Distributed MMSE Detection with One-Shot Combining for Cooperative Aerial Networks in Presence of Imperfect CSI

In this paper, we investigate the multiple access technique for the aerial networks, where the multi-antenna base stations are carried by unmanned aerial vehicles (UAVs) to serve ground users. The uplink signals are transmitted by the users simultaneously, then detected and recovered by the aerial networks. On one hand, compared to the case that each UAV individually detects the signals of serving users, we aim to improve the quality of the recovered signals by using cooperative techniques that leverage the signals from multiple UAVs.

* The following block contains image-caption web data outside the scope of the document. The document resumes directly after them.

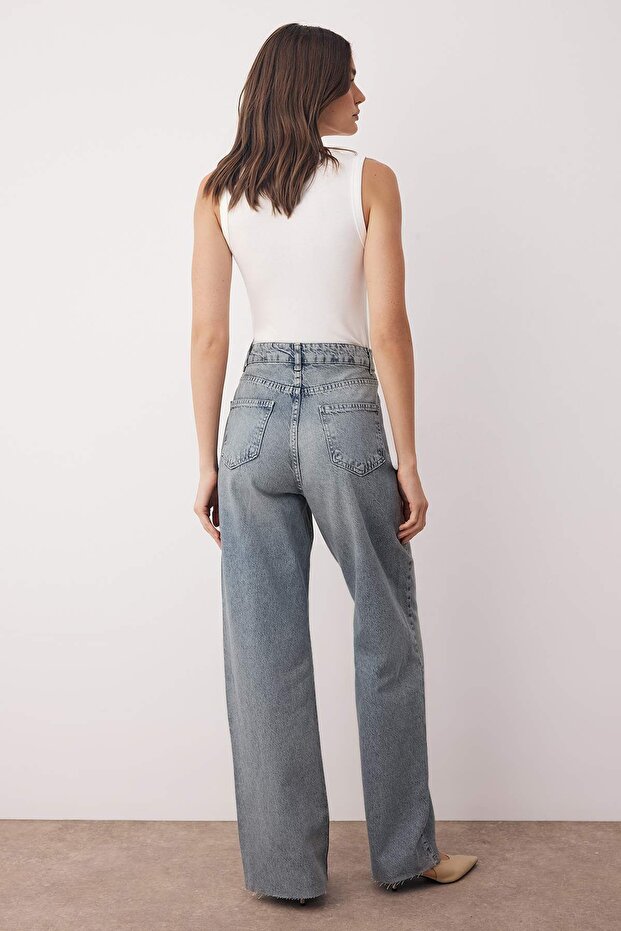 Mavi Yüksek Bel Paçası Kesikli Geniş Paça Wide Leg Jeans TWOAW26JE00089 - 4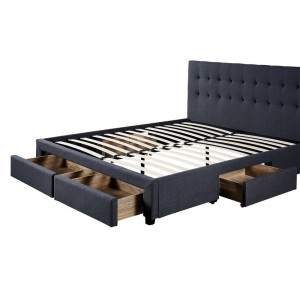 Lit avec 4 tiroirs design coloris gris pour adulte collection INIT, 160x200cm, sommier inclus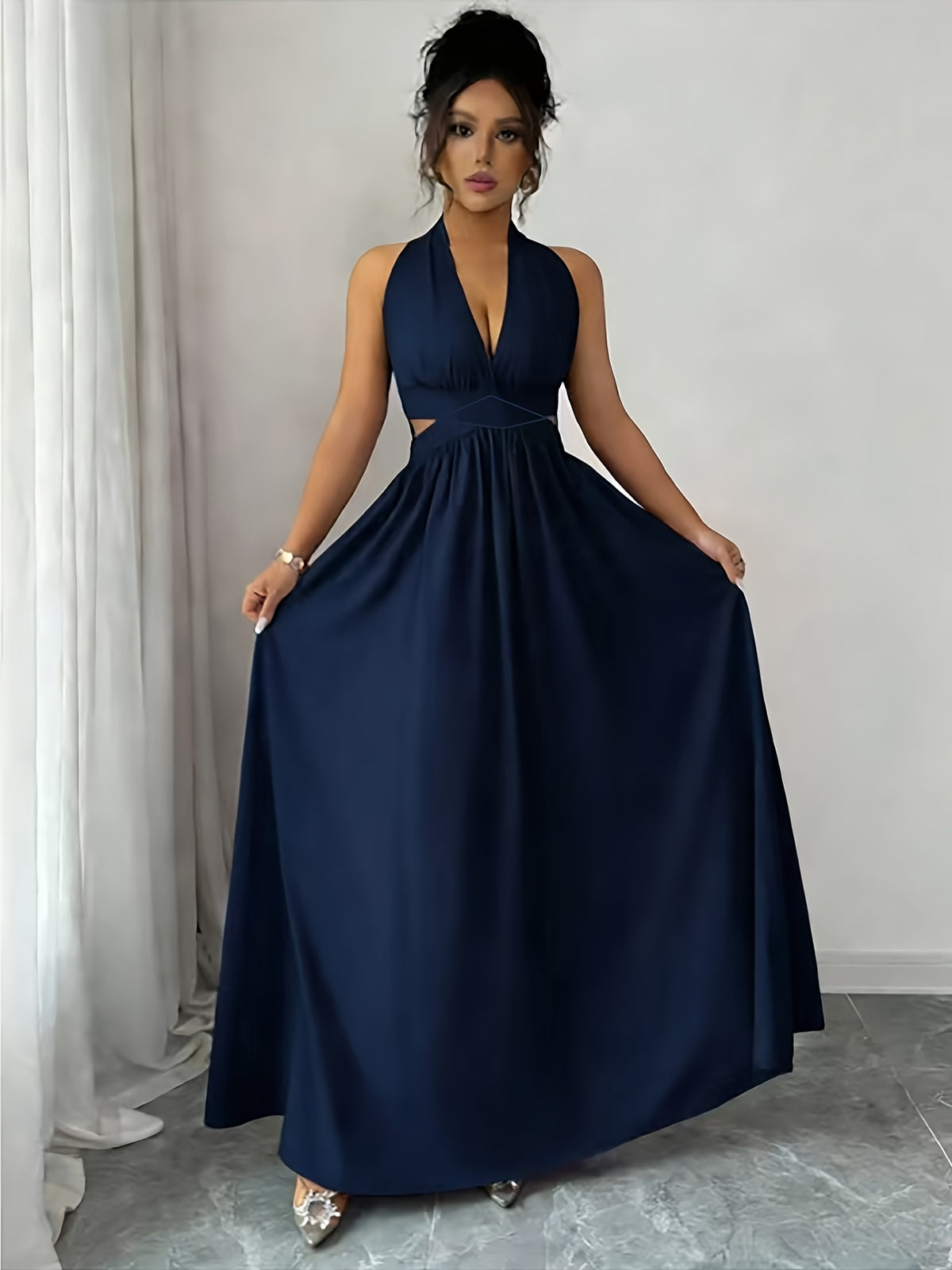 Women's Elegant Navy Blue Halter Backless Bridesmaid Dress - Deep V-Neck Wedding Dress with Shirred Waist & Elastic A-Line Hem, Machine Washable Suitable for Banquet, Party, Prom, Special Occasions, Non- Solid Color - Navy Color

On the other hand, the fully-centralized cooperation requires signaling exchange between UAVs, which incurs huge signaling overhead and latency, and is infeasible for aerial networks. Therefore, we propose a two-stage distributed minimum mean squared error (MMSE) detection with one-shot signal combining. Specifically, the users' signals are first locally detected by each UAV via the MMSE detector, and then weighted combined at the central UAV in a one-shot manner, where the combining weights are designed to minimize the MSE between the combined signals and the original signals. When only imperfect channel state information is locally available at each UAV, by using the random matrix theory, these combining weights are shown to depend on the long-term channel statistics and thus, greatly reduce the interaction overhead and latency. Numerical results show that the proposed scheme outperforms the non-cooperative detection in terms of the achievable spectral efficiency. Meanwhile, with a much smaller interaction overhead, the proposed scheme achieves comparable spectral efficiency as the fully centralized signal detection.